Bunların içinde de büyük ayrışmalar görülecek.

Herkes farklı bir temadan mustarip.

Kimileri turizm gelirlerinin düşmesinden. Örneğin Asya ülkeleri. Kimileri ise enerji ve ham maddedeki kayıplardan. Suudi Arabistan ve bütçeyi tutturmakta zorlanan diğer Arap ülkeleri buradalar. İran epeydir burada...

Kimileri belirsiz ortamda farklı sebeplerle kurunun eridiğini görüyor. Ülkemiz burada örneğin. Belirsizlik içinde rezervler satılıyor ve bu sefer de rezervler düşük olduğu için kur değer kaybediyor. Bir nevi negatif beslemeli döngü.

Ancak temelde hikaye, tüm gelişen ülkeler için büyüyememe ve dolar yükümlülükleri. Herkes dolarını istiyor...

Aşağıda kriz boyunca en çok rezerv kaybeden ülkeler görünüyor. Elbette bu tablo tek başına durumu ifade etmiyor çünkü Çin’in 3 trilyonluk rezervinden 50 milyarını kaybetmesi ile diğer ülkelerin kayıpları yanı ligde değiller.

Aşağıda Uluslararası Finans Kurumunun hesaplarına göre ülkelerin rezerv kayıpları ve kurlarındaki değişimleri görüyoruz.

*

Koronanın getirdiği ekonomik yavaşlamayı aşmak için birçok gelişen ülke merkez bankası bilanço genişletme yoluna gittiler. Kimileri de Covid-19'unn getireceği stresi ve dolar fonlama sıkıntılarını aşmak için swap imkanlarına başvurdular.

Kimi ülkelerin IMF imkanlarına başvurduklarını öğrendik ancak henüz anlamlı sonuçlar görmedik.

Krizin geçici olacağını bilen ve tahmin eden merkez bankaları rezervlerdeki erimeyi şimdilik dert etmiyorlar. Keza küresel faiz hadleri sıfırdan eksiye giderken, en azından pozitif faiz ödeyen bu ülkelerin kurlarındaki baskının kalıcı olmayacağı beklentileri hakim.

Bu sebeple diğer ülke merkez bankaları ile swap için görüşmeler yaptığımızı açıklayan TCMB Başkanı Uysal, Perşembe günkü Enflasyon Raporu toplantısında swapları çıkardığımızda ekside görünen net uluslararası rezervler için pek de endişeli görünmüyordu.

Gerçekten de krizin dibini geride bıraktığımız şu günlerde cari fazla üretmesini beklediğim ve ölmüş emtia fiyatlarından alım yapacak ülkemiz için ben de rezervler konusunda çok endişeli değilim. Keza bunları talep edebilecek yatırımcıların kanalları son düzenlemeler ile kapalı. Ayrıca TL yatırımı yapanlar da pek yok. Bono sahipliği ve hisse senedi sahipliği yabancı yatırımcı bacağında oldukça düşük.

Swap ve benzeri imkanlar da her zaman var.

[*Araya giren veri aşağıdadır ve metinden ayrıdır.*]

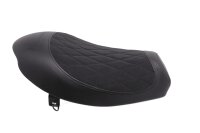 Asiento del conductor delantero con tapicería acolchada en forma de diamante. Hyosung GV 125 S Aquila 21-21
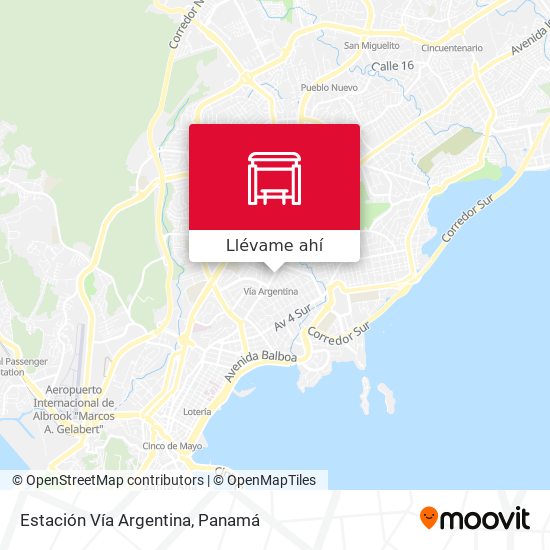 Mapa de Estación Vía Argentina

Buradaki esaslı soru rezervlerin seviyesi değil, yönetim biçimi. Acaba uzun vadede nasıl bir finansal mimari tasarlıyoruz. Ona göre rezervlerin seviyesinin önemi olabilir ya da olmayabilir.

Trilyonların havada uçuştuğu ve faizlerin negatif olduğu dünyada bir kur baskısı yaşıyor olmak başlı başına garip zaten.

Benim düşünceme göre koronanın bu dalgası için artık birçok ülkede sona yaklaştık. Mayıs ayında tedbirler gevşeyecek ve olabildiği kadarıyla haziran ayında hayatlarımıza geri döneceğiz. Bunca satılmış gelişen ülke varlıklarına yeniden bir bakılacak. O zamana kadar kurlardaki satışlar yumuşayacak. O gün geldiğinde de işlerin nispeten düzelmiş olduğunu göreceğiz bu piyasalar için.

Tek mesele o güne kavuşmak. Bu yüzden aşırı karamsar olmaya gerek yok. İngiltere MB Hazinesini fonlarken, Fed bilançoyu rekor düzeyde genişletirken ve herkes yaratıcılığını kullanırken Türkiye’nin bunu aşmasını beklemek doğru olandır. Rezerve odaklanıp karamsar olmaya gerek yok.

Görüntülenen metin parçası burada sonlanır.